Sulla base di questo indicatore, emerge chiaramente come gran parte del campione abbia registrato nel primo quindicennio di attività un’accumulazione contributiva (e, dunque, in ottica multidimensionale, una carriera) meno favorevole di quella del “dipendente mediano” (figura 4): solo il 24,1% del campione (29,7% e 16,4% fra gli uomini e le donne, rispettivamente) ha accumulato più del “dipendente mediano”, mentre il 54,6% (48,6% e 62,9% fra gli uomini e le donne, rispettivamente) presenta un’accumulazione inferiore al 60% del valore di riferimento e potrebbe, dunque, essere considerato a rischio di povertà relativa da anziano qualora la sua storia lavorativa non dovesse migliorare sensibilmente negli anni a venire lungo almeno una delle dimensioni che caratterizzano la fragilità o meno della carriera in ottica previdenziale (retribuzioni, periodi lavorati o di contribuzione, aliquote di versamento).

L’osservazione dei dati dei montanti accumulati dalle prime coorti di lavoratori del contributivo in una fase abbastanza lunga della loro carriera (15 anni, un periodo pari ad almeno 1/3 della carriera lavorativa attesa) conferma, dunque, l’esistenza di un rischio rilevante di ricevere una pensione di importo modesto, anche dopo una lunga attività, per una quota di lavoratori che sarebbe ampia se coloro che fin qui hanno avuto carriere lavorative svantaggiate continuassero ad averle nei decenni a venire. Va anche sottolineato che l’aver considerato coorti entrate in attività fra il 1996 e il 1999 non consente di cogliere appieno l’effetto della crisi iniziata nel 2009 (che qui colpisce solo il gruppo di lavoratori già da anni in attività).
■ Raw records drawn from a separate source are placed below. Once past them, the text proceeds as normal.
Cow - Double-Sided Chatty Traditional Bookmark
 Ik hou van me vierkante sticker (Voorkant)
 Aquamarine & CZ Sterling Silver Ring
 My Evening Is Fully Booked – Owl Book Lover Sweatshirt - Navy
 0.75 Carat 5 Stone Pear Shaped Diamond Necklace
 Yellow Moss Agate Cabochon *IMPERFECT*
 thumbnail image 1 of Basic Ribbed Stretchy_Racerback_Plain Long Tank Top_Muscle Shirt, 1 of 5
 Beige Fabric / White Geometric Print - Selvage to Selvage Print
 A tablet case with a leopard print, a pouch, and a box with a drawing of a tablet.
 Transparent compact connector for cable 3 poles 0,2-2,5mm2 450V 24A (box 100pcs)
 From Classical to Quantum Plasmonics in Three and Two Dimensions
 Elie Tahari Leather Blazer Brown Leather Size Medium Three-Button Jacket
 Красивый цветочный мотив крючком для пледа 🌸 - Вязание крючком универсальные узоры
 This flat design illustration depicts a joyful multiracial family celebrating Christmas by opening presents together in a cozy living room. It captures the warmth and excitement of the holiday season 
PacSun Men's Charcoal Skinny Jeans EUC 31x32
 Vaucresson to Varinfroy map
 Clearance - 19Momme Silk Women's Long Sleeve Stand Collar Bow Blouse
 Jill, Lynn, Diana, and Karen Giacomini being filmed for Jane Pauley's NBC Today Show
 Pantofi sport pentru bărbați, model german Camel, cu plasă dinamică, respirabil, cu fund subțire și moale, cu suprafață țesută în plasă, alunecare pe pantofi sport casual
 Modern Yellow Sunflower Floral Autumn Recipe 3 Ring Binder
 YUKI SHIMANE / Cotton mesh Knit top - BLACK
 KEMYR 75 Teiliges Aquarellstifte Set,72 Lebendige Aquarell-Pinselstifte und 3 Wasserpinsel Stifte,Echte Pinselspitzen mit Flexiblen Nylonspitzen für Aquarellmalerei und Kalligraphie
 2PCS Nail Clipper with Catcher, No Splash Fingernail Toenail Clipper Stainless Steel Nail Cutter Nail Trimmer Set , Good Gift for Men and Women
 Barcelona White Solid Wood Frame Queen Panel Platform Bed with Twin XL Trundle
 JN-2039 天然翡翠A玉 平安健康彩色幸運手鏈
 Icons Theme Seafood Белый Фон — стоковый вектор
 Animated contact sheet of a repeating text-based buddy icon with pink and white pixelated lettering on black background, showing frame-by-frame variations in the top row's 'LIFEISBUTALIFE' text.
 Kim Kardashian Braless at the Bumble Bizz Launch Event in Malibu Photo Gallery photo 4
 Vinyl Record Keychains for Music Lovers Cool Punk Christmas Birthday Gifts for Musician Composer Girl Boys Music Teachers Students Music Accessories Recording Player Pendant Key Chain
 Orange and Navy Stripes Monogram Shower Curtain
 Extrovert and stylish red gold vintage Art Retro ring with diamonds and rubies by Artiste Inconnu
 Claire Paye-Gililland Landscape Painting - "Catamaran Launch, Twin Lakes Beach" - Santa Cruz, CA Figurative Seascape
È quindi del tutto probabile che il quadro di fragilità diffusa si aggravi sensibilmente quando ci si riferisca alle coorti più giovani, maggiormente penalizzate dai devastanti effetti della crisi economico-occupazionale che ha interessato il nostro paese, perché appena entrate nel mercato del lavoro e quindi particolarmente fragili.

Le simulazioni condotte e l’analisi dei versamenti contributivi nei primi 15 anni di attività portano, dunque, a smentire il rischio che “col contributivo avremo tutti pensioni da fame”; è invece concreto e serio, il rischio che la pensione futura non sia adeguata per quella quota – purtroppo per nulla irrilevante – di individui caratterizzata per molti anni da carriere svantaggiate in termini di “buchi” lavorativi, aliquote di contribuzione e livelli salariali. Per questi lavoratori, peraltro, la previdenza privata non può rappresentare una risposta: infatti appare molto poco plausibile che un lavoratore povero possa risparmiare in misura adeguata per garantirsi un maggior consumo da anziano. Questa esigenza va invece posta a carico del sistema pubblico, all’interno del quale andrebbero introdotte forme di “pensione di garanzia”, di cui si è già discusso sul Menabò.

* La versione integrale di questo contributo è inclusa nel “Rapporto sullo Stato Sociale. 2019”, a cura di F.R. Pizzuti, Sapienza University Press.